Diese mit all ihren Eigenschaften selbst nachzubauen, wäre wohl ziemlich aufwendig, denke ich. Wenn das also die besagten Eclipse-Funktionalitäten sind, hätte ich die auch gerne drin.

Wie würde man eine solche Client-Server-Anwendung mit RCP bzw. OSGi aufziehen?

Können RCP-Plugins auch über das Netzwerk mit der "Hauptanwendung" kommunizieren?


----------



## foobar (21. Mrz 2009)

kulri hat gesagt.:


> Wie würde man eine solche Client-Server-Anwendung mit RCP bzw. OSGi aufziehen?


Das kann man nicht in 2 Sätzen erklären. Was genau willst du denn wissen?



kulri hat gesagt.:


> Können RCP-Plugins auch über das Netzwerk mit der "Hauptanwendung" kommunizieren?


Klar, dafür brauchst du aber erstmal eine "Hauptanwendung" auf Basis von JEE, Spring, Spring dm Server oder was auch immer. Eclipse RCP ist ja "nur" der Rich Client also das was der Enduser sieht.

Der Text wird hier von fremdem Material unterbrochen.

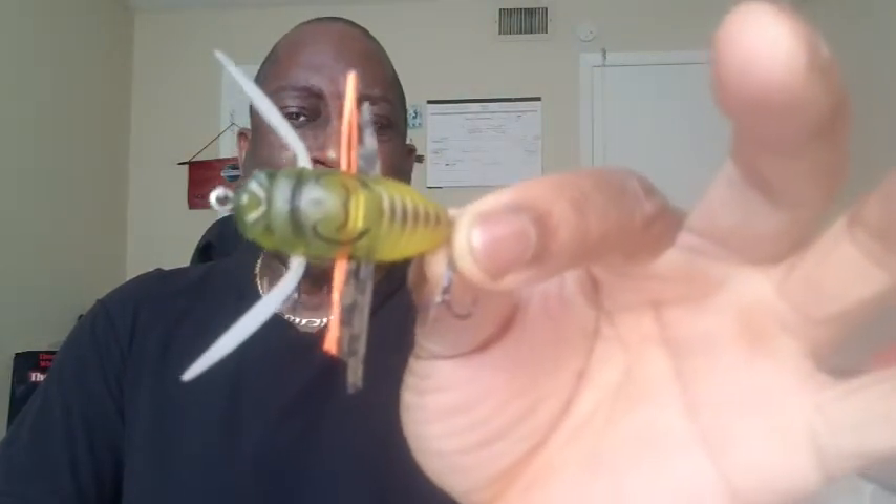Hey everybody, it's Top Water Johnny here with your next Tackle Talk Tuesday. And in this Tuesday, what I want to talk about is the Dual Realis Samashu Cicada Bug.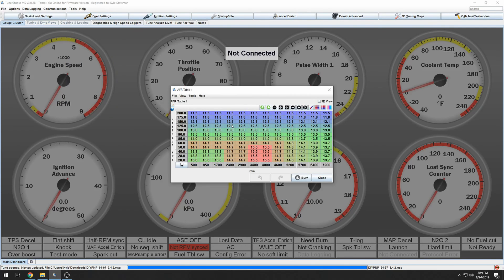Next, go to the AFR table — we're going to leave this alone, but note that we're running rich in the idle section. That makes it a little easier to get going down the road; eventually you can lean it out, but if you lean the idle out too much there's a chance it becomes unstable. That's why the base map starts rich — it'll be easier to idle and more stable. We're also leaned out in the cruising sections for low load and better fuel economy.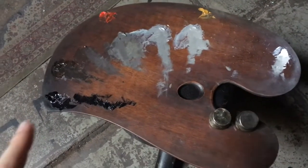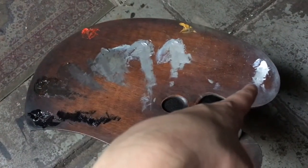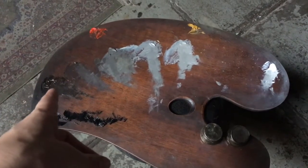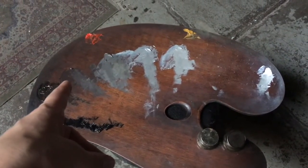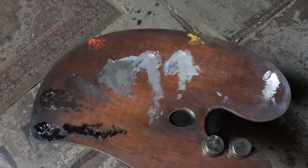Here's my palette. I have ivory black, cadmium red light, yellow ochre, and flake white. This is my shadow color, this is the darkest halftone, and then these three I use for the lights.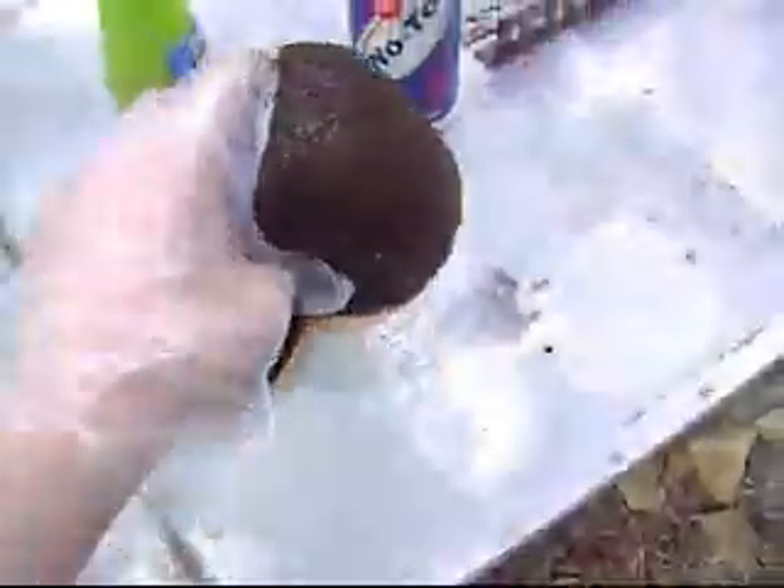Go grab your old filter and just put it in there. See how it's already cleaning it — just some good cleaning stuff. I like to use No Toil because it's super easy to clean. You may have to do this a couple of times; this filter is really dirty, so you might have to do it a couple times to get it really clean.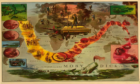And here's his leg. Yes, now that I think of it, here's his bedfellow. Has a stick of whale's jawbone for a wife. And this is his leg. He'll stand on this. What was that now about one leg standing in three places, and all three places standing in one hell? How was that? Oh.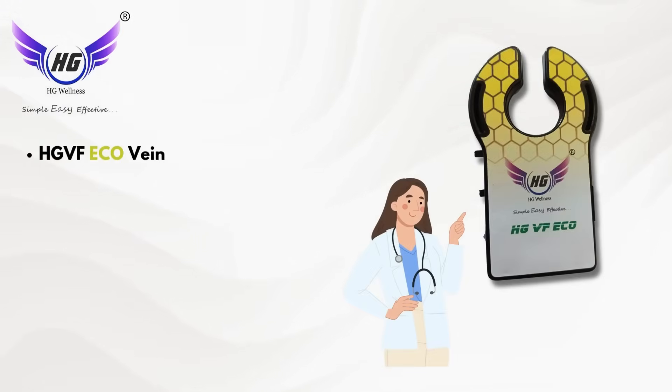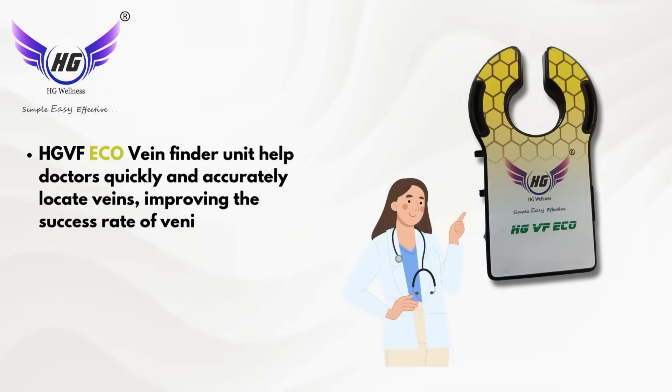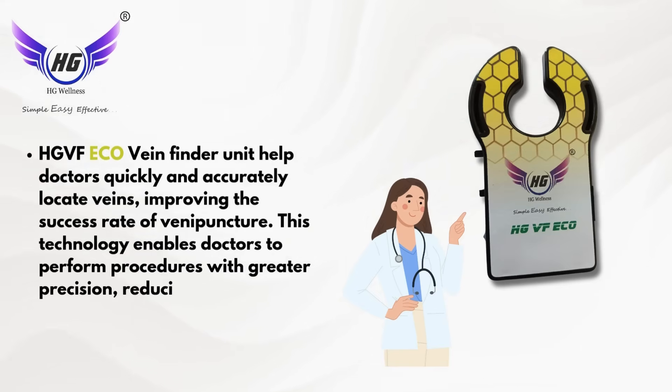HG VF ECO Vein Finder units help doctors quickly and accurately locate veins, improving the success rate of venipuncture. This technology enables doctors to perform procedures with greater precision, reducing patient discomfort.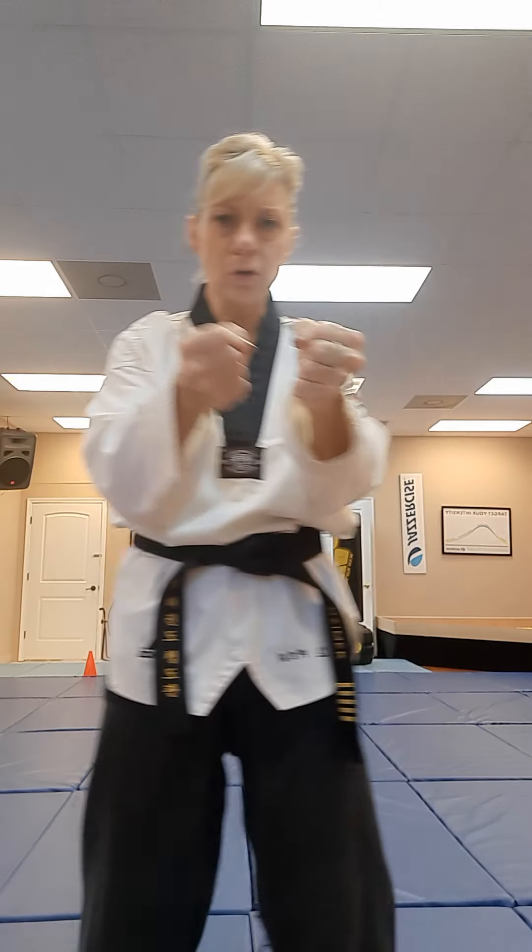Then make that tight fist again — this time curl those thumbs down for a nice tight fist. Bring it around to a hammer fist, striking right on top of the nose. So the sequence is: eyes, eyes, eyes — ears, ears, ears — then hammer fist down to the nose, nose, nose.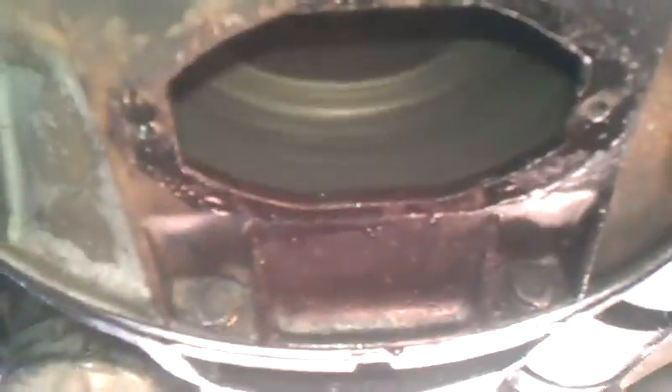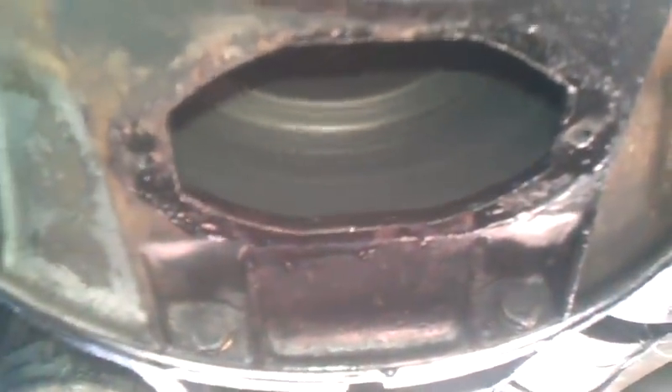Now, I'm going underneath here and I'll show you what's going on. It's a pressure plate.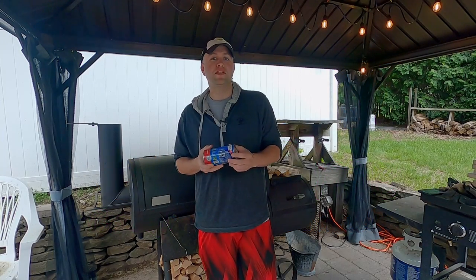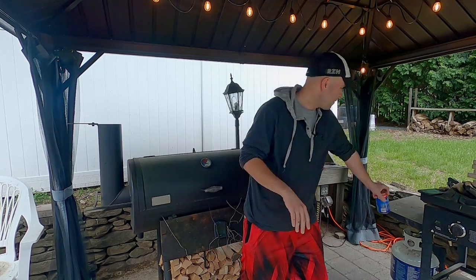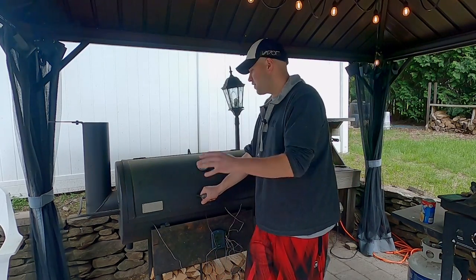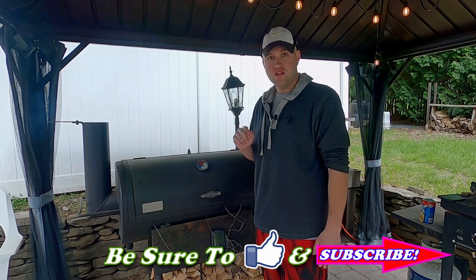I am looking forward to popping these open. This is one of my favorite things to do in the whole wide world, but we've got to talk before we start. So today we're using biscuits to figure out how well our smoker cooks. I should have done this a long, long time ago.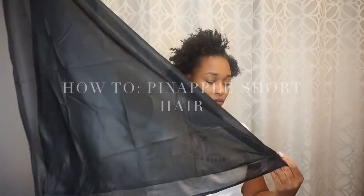Hey guys, it's Brittany, and today I'm going to show you how to pineapple short natural hair.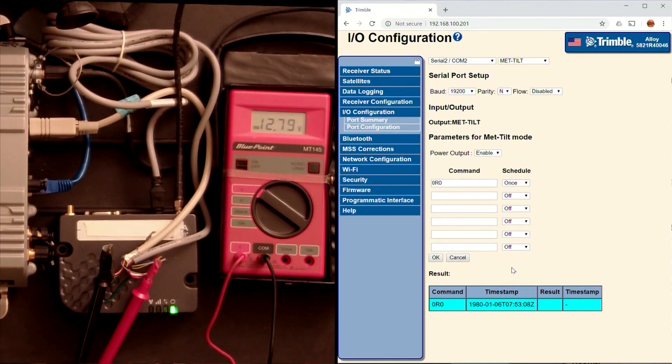Now remember, it only puts out 3.6 watts, so you have to check your device to make sure that it doesn't draw more than that. But the really cool thing is that the unit is basically a system at that point — the modem and the receiver work together as a team.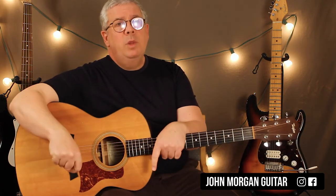Hopefully that's good enough. Thanks for watching. Hit the like button, please subscribe, and play more guitar.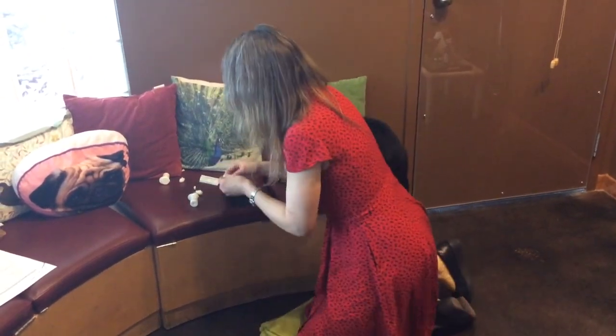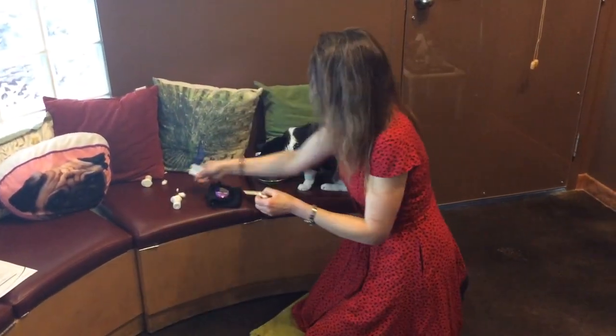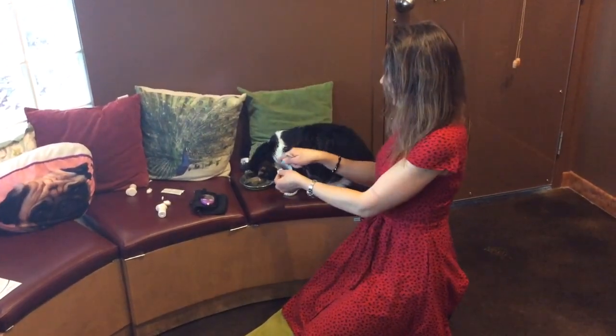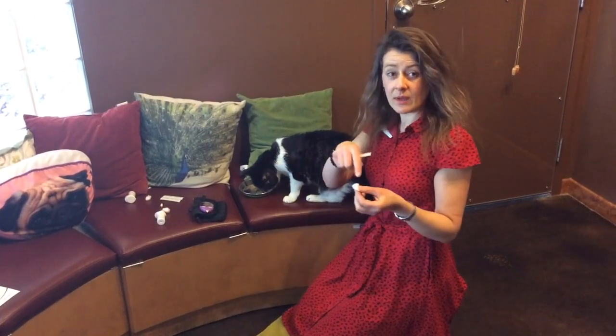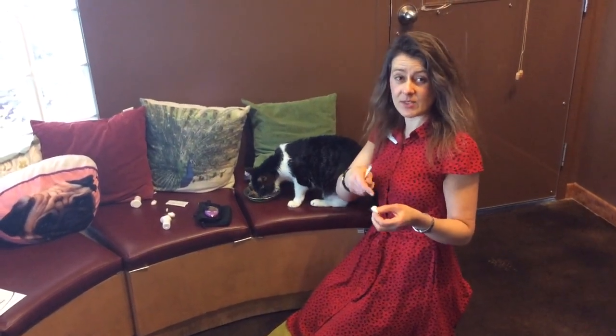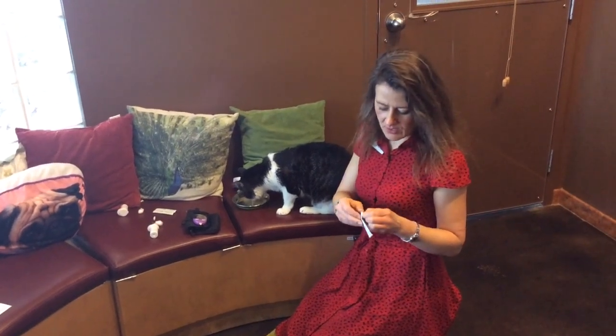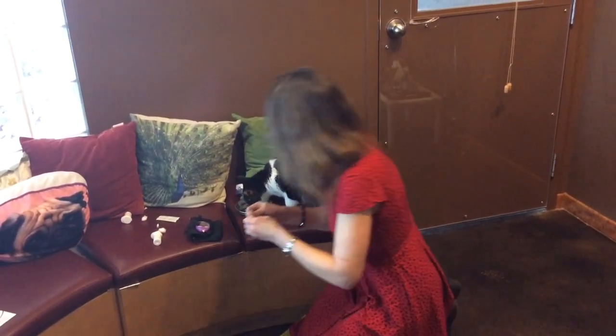Next, I use a Kleenex or a cotton ball to place on top of my finger so that when I prick the ear, it won't pierce my finger — it will only pierce the cat's ear to get the cat's blood and not my blood. I use a 22 gauge needle; it's a little bit bigger of a gauge.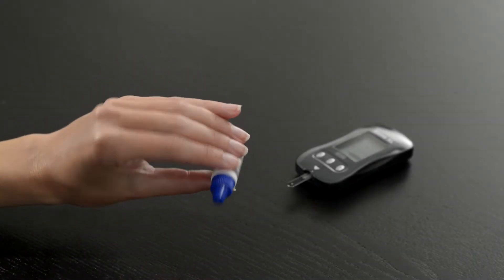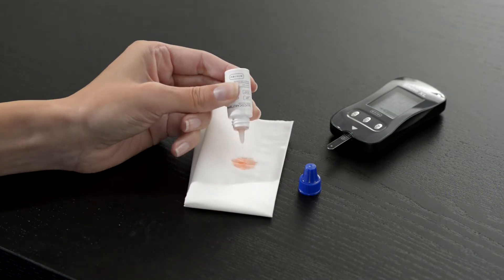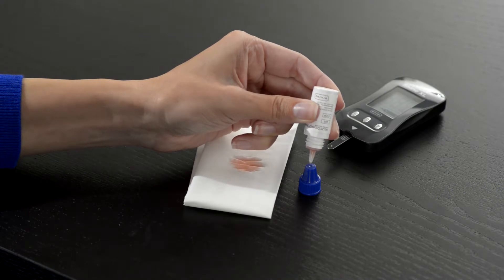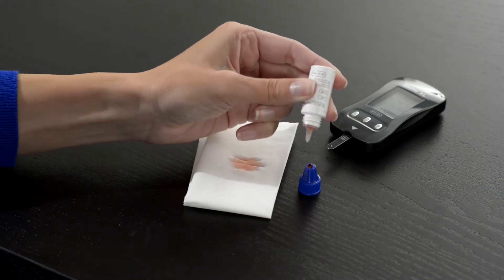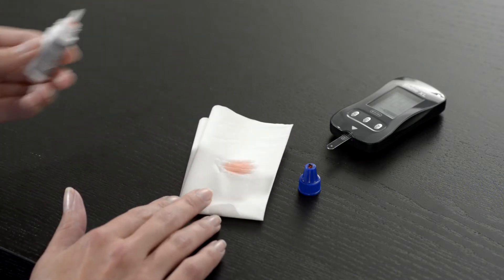Shake the Glucocard Shine control solution and discard the first one or two drops. Dispense a drop of control solution onto a clean non-absorbent surface — we suggest the tip of the bottle cap. Wipe clean when done testing.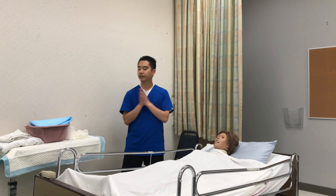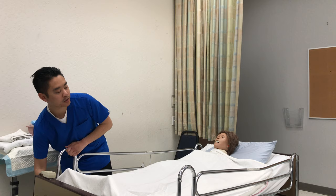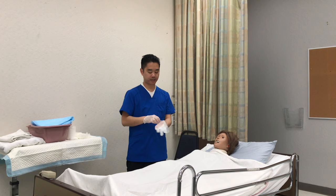I'm gonna grab my supplies. Now that I'm back in the room, I'm gonna wash my hands again and close the curtains. I'll adjust the bed to a comfortable position, lower the side rail, and put on my first set of gloves.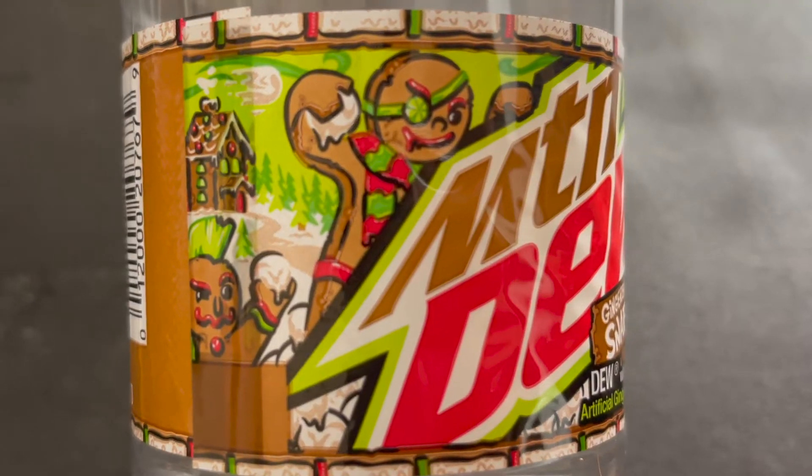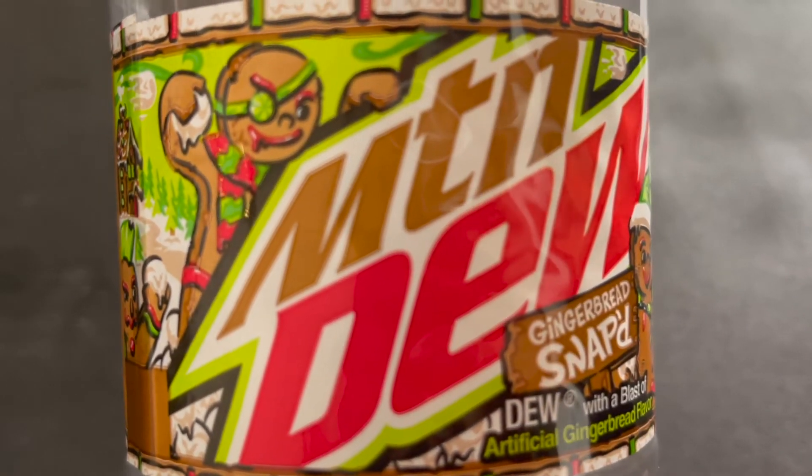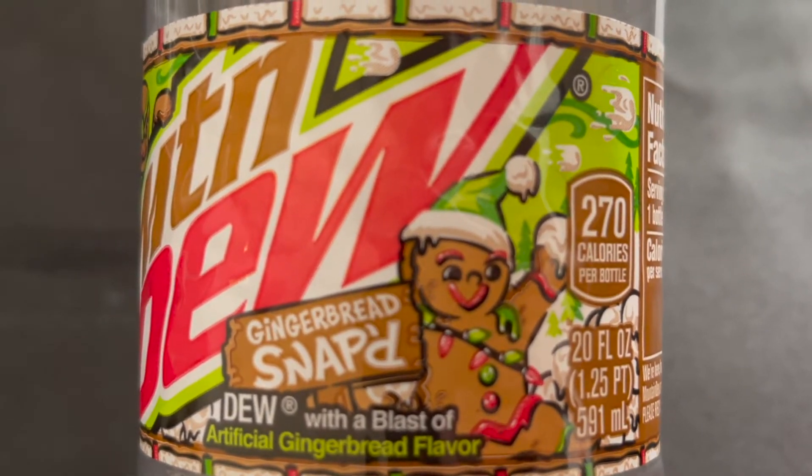I will say this — I do dig the advertising right here. I am loving how the Mountain Dew logo and the branding looks on this bottle. The marketing looks really cool, the gingerbread men are awesome looking, and yeah, it looks like a gingerbread house. So I am looking forward to this. It's going to be interesting, no doubt. And I hope you guys enjoy my festive hat.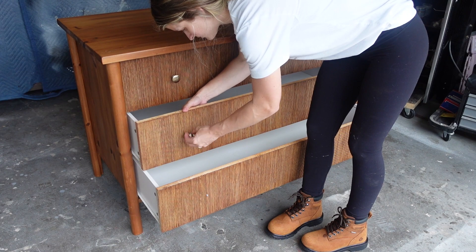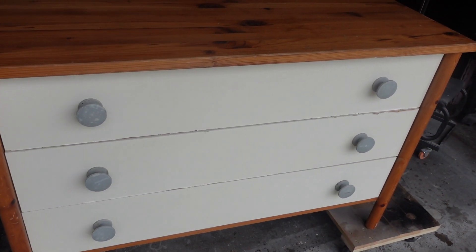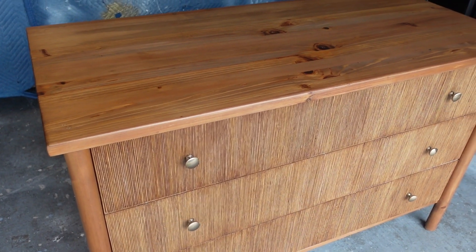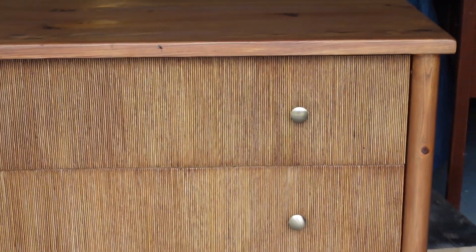Next we're going to add the hardware. This bronze gold hardware is some of my favorite and you'll see me using it on a whole bunch of furniture flips. Here is a reminder of what the piece looked like before, and here is it after. There are definitely some things I would do differently next time, but all in all I'm really happy with how this piece turned out. Head to the description box for links to all of the products I used. Thank you guys so much for watching till the end — if you're here at this point, I'm assuming you want to learn from all of my mistakes, and I made a lot.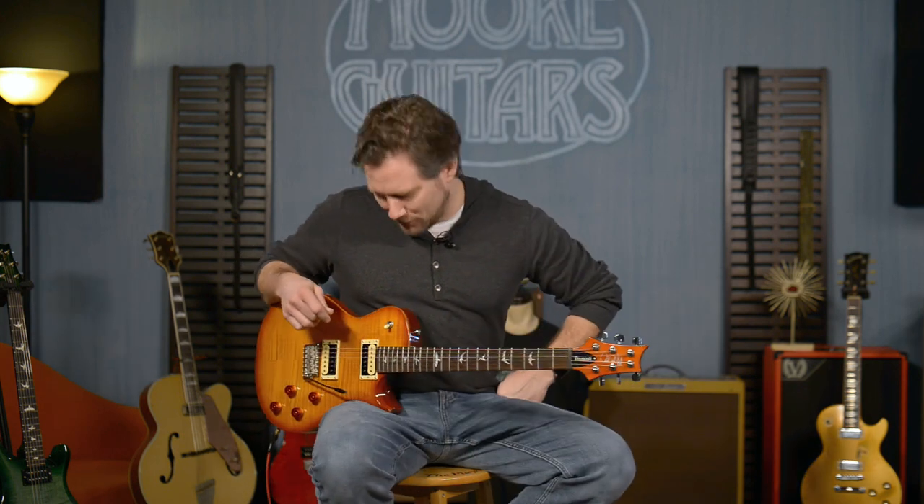It can do the Tremonti stuff, it can do the Alter Bridge stuff. It can do... I'm not going to say the old word that nobody wants to hear about.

Eclipse Riena könnte für euch auch interessant sein: The Riena Project

Damit kannste dann deine Bundles lokal und remote verwenden. Für die Remoteunterstützung wird Hessian eingesetzt, was wesentlich Ressourcenschonender als z.b. SOAP ist.


----------



## kulri (21. Mrz 2009)

seit ein paar Tagen beschäftige ich mich jetzt mit RCP, hab viel gelesen und ein paar tutorials gemacht; dabei läuft mir ständig j2ee über den weg, wie auch bei diesem Riena Project. Eigentlich wollte ich mich erstmal nur um RCP kümmern und nicht gleich eine weitere Baustelle aufreissen.... aber es geht wohl nicht anders 
Also für j2ee habe ich folgendes Tutorial gefunden The J2EE(TM) 1.4 Tutorial.
Aber da brauche ich ja bis übernächstes Jahr, um nur das Inhaltsverzeichnis zu lesen.....
gibts da nichts .... kleineres, sofern man das Wörtchen "klein" überhaupt in Zusammenhang mit j2ee verwenden kann??
Nur, um mal einen Überblick zu bekommen.

Nochmal kurz zum Hintergrund:
Unser Team besteht aus 3 Informatik-Studenten, wir machen zusammen ein Studienprojekt, das über 1 Jahr läuft.
Jeder von uns hat natürlich auch noch etliche Vorlesungen und Praktika und ausserdem arbeiten wir alle, also Zeit ist in unserem Team knapp bemessen.
Keiner von uns hat viel Erfahrung in Java; in RCP und J2EE schon gleich dreimal nicht!
Ist es wirklich ratsam, das Studienprojekt mithilfe von RCP bzw. J2EE zu realisieren???
Ist da nicht der Einarbeitungsaufwand zu hoch???


----------



## Wildcard (21. Mrz 2009)

Ich sag es nochmal: überlegt euch welche Features das Produkt beinhalten muss/soll, vorher macht es wenig Sinn über konkrete Technologien zu diskutieren.
Welche Features hat der Client, welche der Server, wie soll die Kommunikation zwischen beiden aussehen?
Danach kann man überlegen mit welcher Technologie man am schnellsten zum Ziel kommt.


----------



## foobar (21. Mrz 2009)

Also wenn ihr wenig Erfahrung mit J2SE habt, fast keine Erfahrung mit Eclipse RCP und JEE, seid ihr wohl mit einer einfachen Swing-Fatclient Anwendung oder einer simplen Eclipse RCP Anwendung am besten beraten.
Um in Eclipse RCP richtig einzusteigen, müsst ihr auf jeden Fall mehrere Wochen planen. Da gibts schon einige APIs mit denen man sich auseinander setzen muß und die Lernkurve ist steil. 
Wenn ihr wisst was euer Produkt leisten soll, solltet ihr auch in Betracht ziehen wieviel Zeit ihr bereit seit in das Projekt zu stecken.


----------